10 – Music from Beyond Personality
As a child I loved to draw and write stories; when I was about fifteen, another artistic passion entered my life. My brother had been taking guitar lessons at school and one day he brought the guitar home. I watched him strumming away to a songbook and asked what the shapes he was making with his fingers were. He told me they were called chords.
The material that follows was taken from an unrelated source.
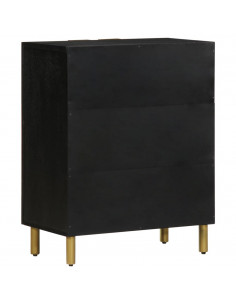 Credenza Nera 60x33x75 cm in Legno Multistrato 2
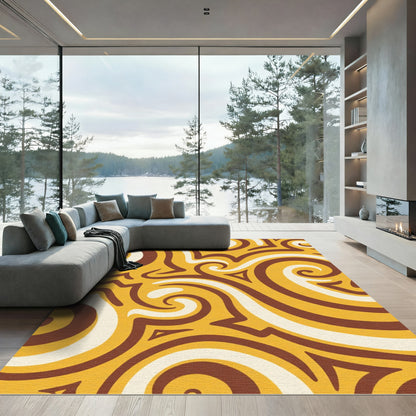 Retro Swirls Mustard Brown Cream Rug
After he left I was curious to have a go. Following a chord diagram, I stretched my fingers over the frets, pressed down and then… STRUM. I’d played my first ever D chord. After a bit of struggle I managed to play the three chords that accompanied a song in the tuition book. This was encouraging, but what really fired my interest was playing an E minor and recognising its sound from a David Bowie song. Now I wasn’t just playing random chords, these were chords that allowed me to play songs that really meant something to me. My brother soon became bored with the guitar and took up drums, but I was hooked – and forty-five years later, I still am.
I've been through many learning phases with the guitar through the years, but it was only after a road trip to the Grand Canyon in the 1990s that my guitar playing really stepped up to a new level. My friend played their favourite cassette as we drove, an album called Texas Flood by the Blues guitarist Stevie Ray Vaughn. By the end of the first track I was smitten! It touched something deep inside me, and made me want to learn how he was creating those sounds.
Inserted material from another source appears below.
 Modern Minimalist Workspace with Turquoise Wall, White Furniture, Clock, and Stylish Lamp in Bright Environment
When I arrived back home I found out that you could buy books in which every note, bend and drone of Stevie Ray Vaughn's coruscating solos were translated into symbols. Once you understood the code, you could play the music. By practicing hard, I learned this new language of musical sounds and skills; the album Texas Flood was my gateway into the world of the Blues. I studied this music, which led me back to the early masters like Howling Wolf, Muddy Waters and John Lee Hooker.
Throughout my years of guitar playing I was occasionally inspired to compose my own music. Arranging chords together and coming up with melody lines came naturally to me, but for some reason putting words to them didn’t. Although I wrote children’s books for a living (which involves putting words with pictures), for some reason I had a block about adding words to my music.
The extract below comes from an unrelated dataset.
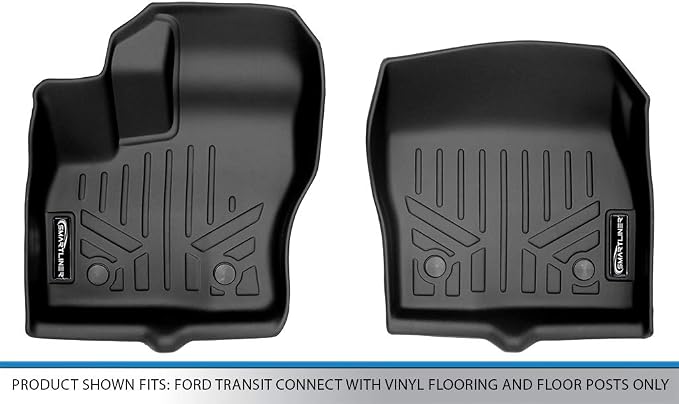 SMARTLINER Floor Mats 1st Row Liner Set Compatible with 2014-2017 Ford Transit Connect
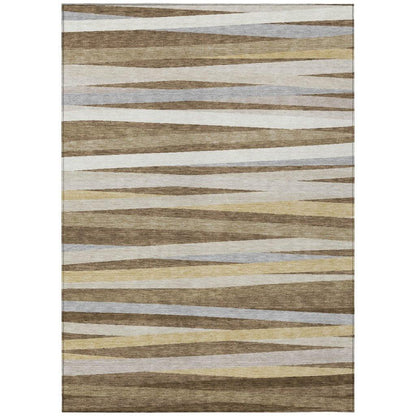 Liora Brown Washable Indoor-Outdoor Rug-Outdoor Rugs-LOOMLAN Rugs-2'6" x 3'10"-LOOMLAN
Around the time of The Shift, that aspect of my creativity unlocked. It started with phrase ‘Don’t push the river’ entering my head. I don’t remember if I came up with it or I read it somewhere, but it struck me as a good refrain to have in a lyric. My previous self-consciousness evaporated, the words filled in around that phrase and before long I written my very first song.
I enjoy listening to, and playing, many forms of music but Blues will always have a special place in my heart because it has a primal, unpretentious quality: it doesn’t shy away from painful feelings. The Blues was born out of the Suffering of slaves; it’s about feeling and expressing Suffering, and ultimately the healing that can come from that. This is its energetic source.
Being inspired to write a song is a wonderful feeling; each one takes me on a journey from the initial spark of inspiration to the final coming together of chords, melody, and lyrics. Every time it happens I’m filled with both gratitude and a sense of wonder. Where do they come from? That’s the Great Mystery.